__DIRECTIONS__
Only one stretch of the records below should be repeated. It starts with the line containing "BALEINE 60'' Garment" and goes on through the line containing "BandQ Clear Quartz Square Soap Dish", exactly as written.

--- RECORDS SHOWN ---

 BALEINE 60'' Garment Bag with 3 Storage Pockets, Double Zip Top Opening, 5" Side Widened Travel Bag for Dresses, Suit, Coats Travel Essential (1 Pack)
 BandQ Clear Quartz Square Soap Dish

---
--- RECORDS SHOWN ---

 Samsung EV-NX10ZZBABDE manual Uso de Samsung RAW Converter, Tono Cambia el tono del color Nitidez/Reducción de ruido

---

__SOLVED PROBLEM__
 BALEINE 60'' Garment Bag with 3 Storage Pockets, Double Zip Top Opening, 5" Side Widened Travel Bag for Dresses, Suit, Coats Travel Essential (1 Pack)
 BandQ Clear Quartz Square Soap Dish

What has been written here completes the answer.